** YOUR TASK **
Once the images are set aside, output the listing exactly as it stands.

** DATA EXTRACT **
- Opening Delimiter -

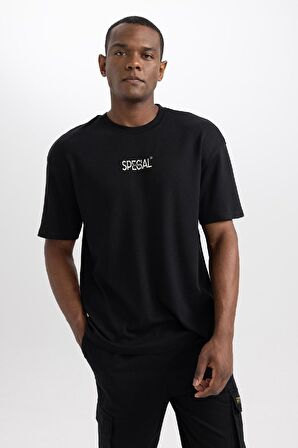 DeFacto Comfort Regular Fit Rahat Kalıp Bisiklet Yaka Baskılı Kısa Kollu Ağır Kumaş Tişört A6394AX23AUBK81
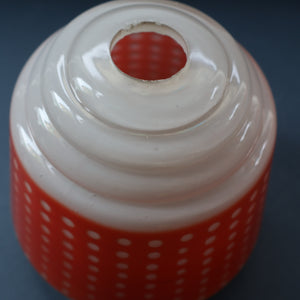 Vintage 1960s Glass Lamp Shade. White Glass with Printed Red Polka Dot Pattern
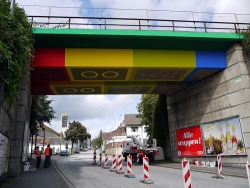 Graffiti Artist Turns A Bridge Into Realistic LEGO Street Art  took 4 weeks to complete apparently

- Closing Delimiter -

** EXERCISE ANSWER **
 DeFacto Comfort Regular Fit Rahat Kalıp Bisiklet Yaka Baskılı Kısa Kollu Ağır Kumaş Tişört A6394AX23AUBK81
 Vintage 1960s Glass Lamp Shade. White Glass with Printed Red Polka Dot Pattern
 Graffiti Artist Turns A Bridge Into Realistic LEGO Street Art  took 4 weeks to complete apparently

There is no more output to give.